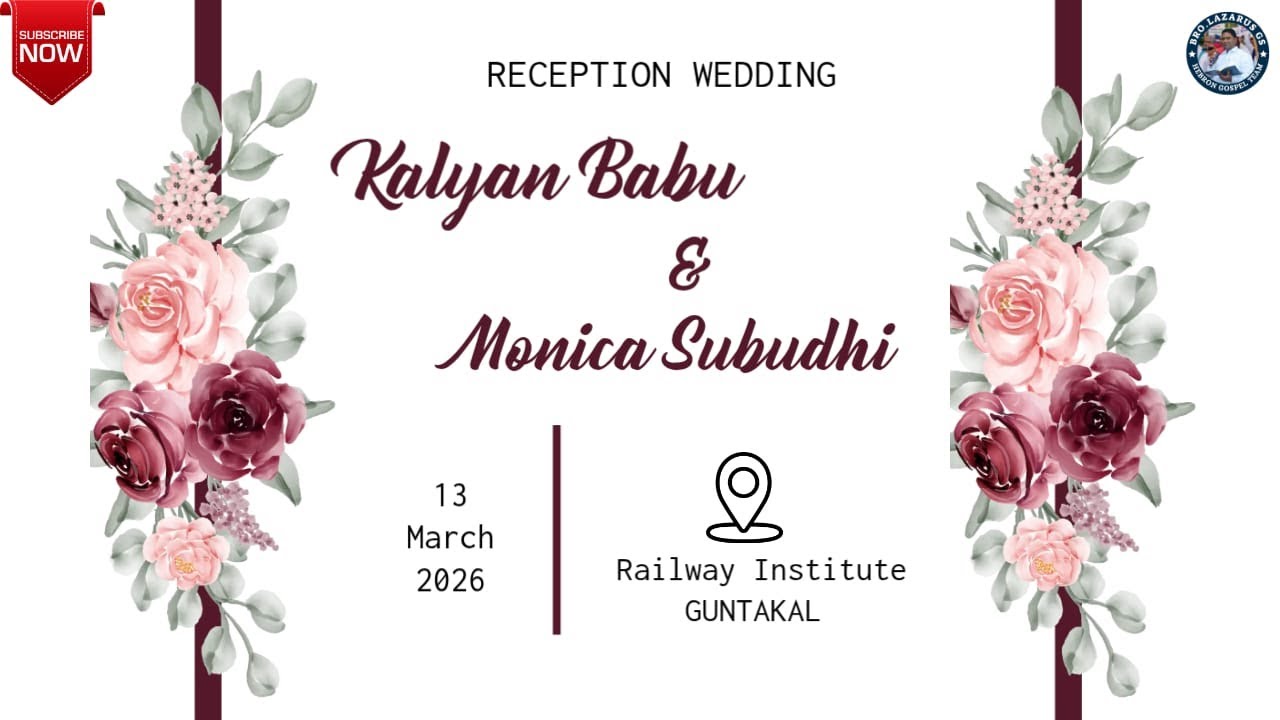 Marriage Reception of kalyan babu with Monica subudhi || 13-03-26ll Beersheba  ll Guntakal ll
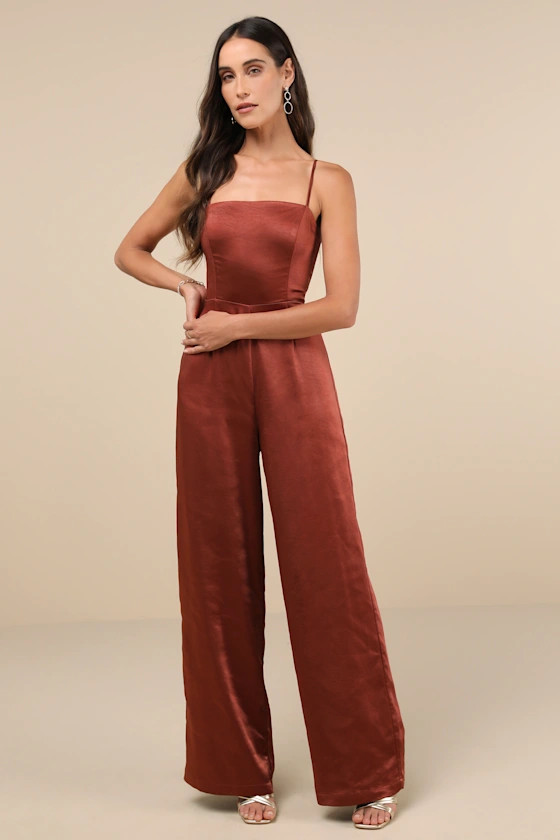 Stylish Brilliance Rust Satin Sleeveless Wide-Leg Jumpsuit | Lulus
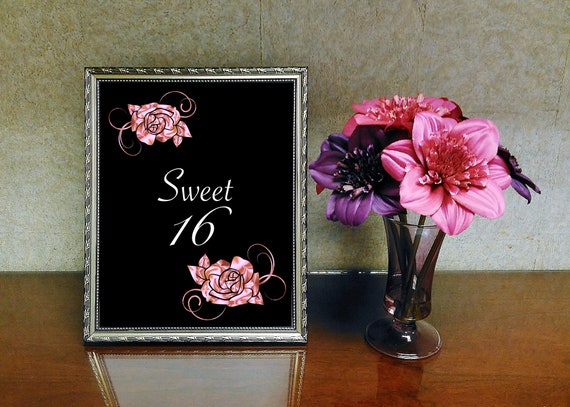 Sweet 16 Sign, 16th Birthday Sign, Sweet 16 Poster, 16th Sign, Black and Pink, 16th Birthday Surprise, Sweet 16 Party Supplies, Pink Roses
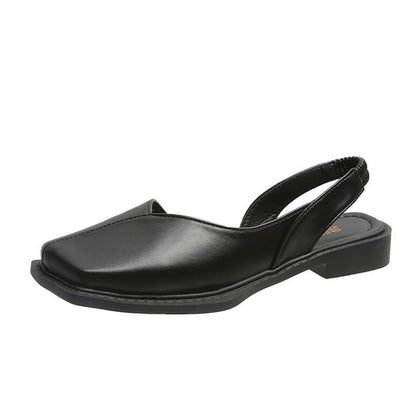 Square-Toe Slingback Sandals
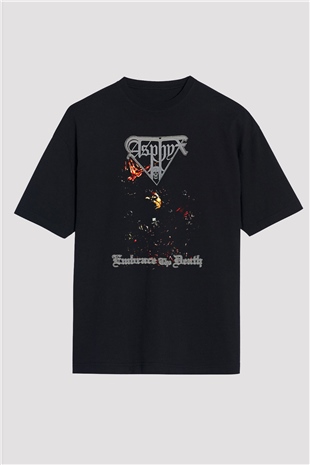 Asphyx Baskılı Unisex Siyah Oversize Tişört - Tshirt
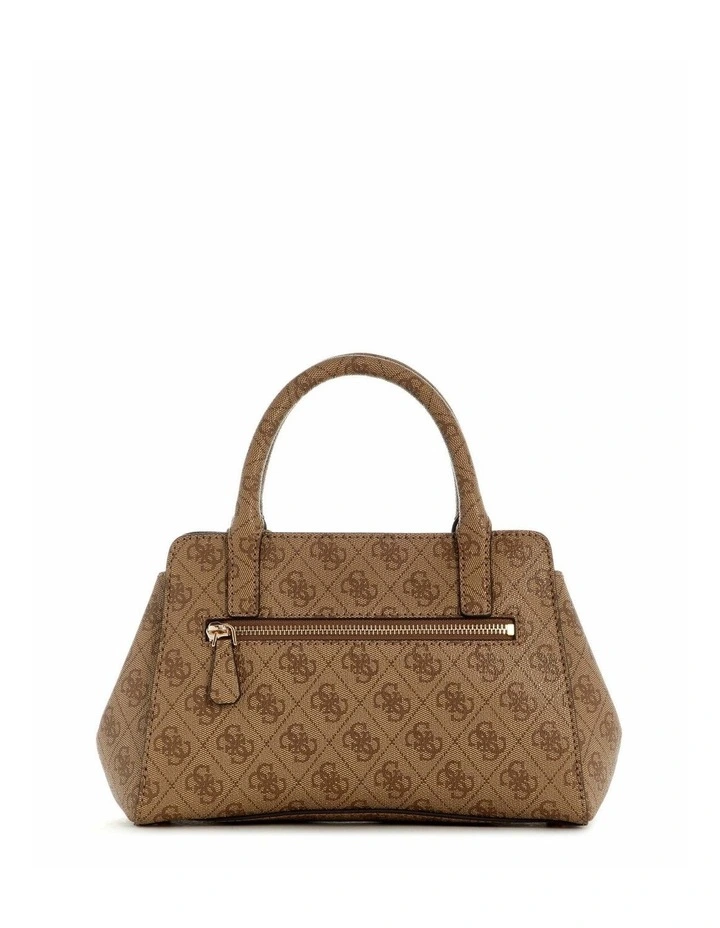 Leona Logo Small Multi Compartment Satchel Bag in Latte Logo image 4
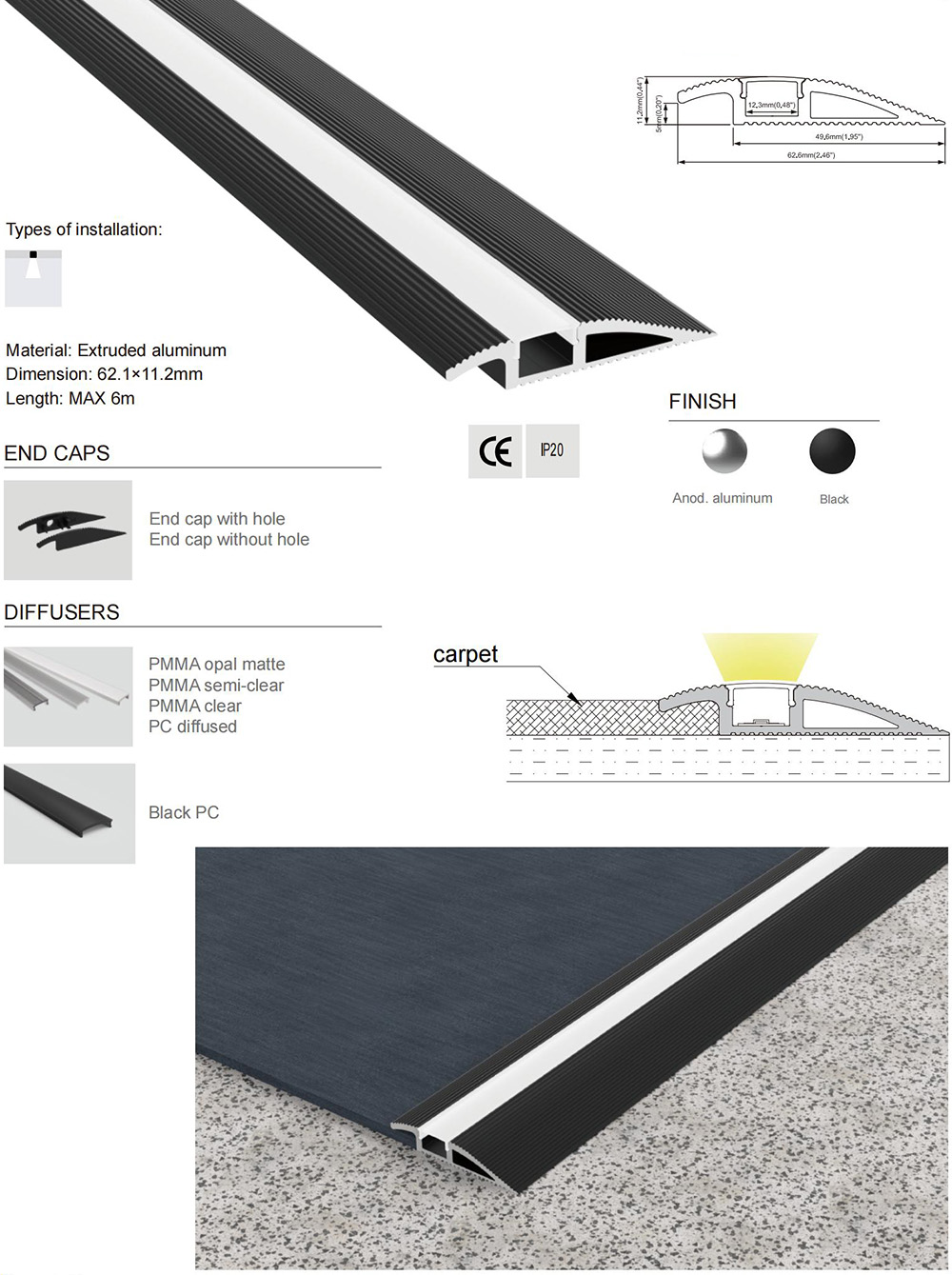 The details of carpet edge LED light aluminum profiles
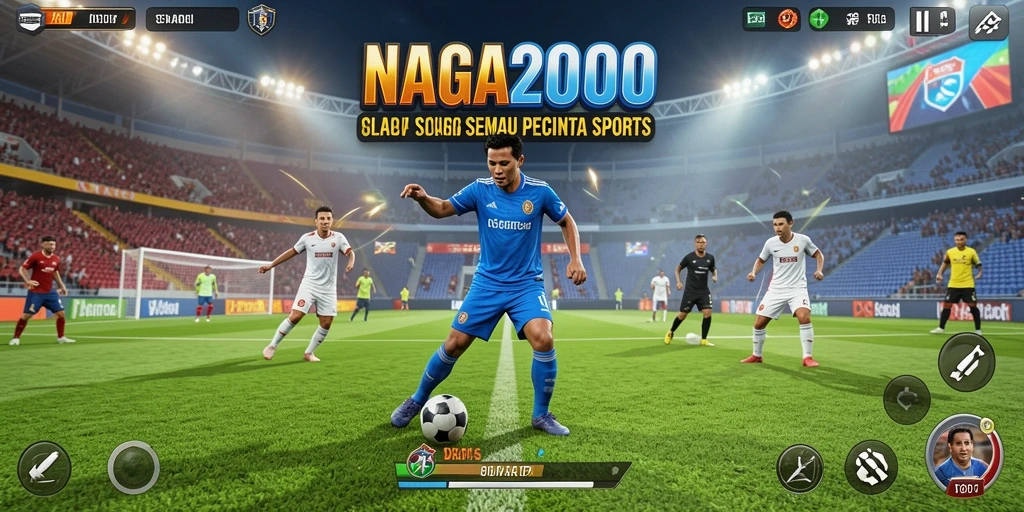 Tangkapan layar NAGA2000 menampilkan pertandingan olahraga yang mendebarkan.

• TASK DESCRIPTION
Both the line containing "Square-Toe Slingback Sandals" and the last line of the records above belong in the exact copy, along with every line between them; pictures do not.

• THE COMPLETED TASK
 Square-Toe Slingback Sandals
 Asphyx Baskılı Unisex Siyah Oversize Tişört - Tshirt
 Leona Logo Small Multi Compartment Satchel Bag in Latte Logo image 4
 The details of carpet edge LED light aluminum profiles
 Tangkapan layar NAGA2000 menampilkan pertandingan olahraga yang mendebarkan.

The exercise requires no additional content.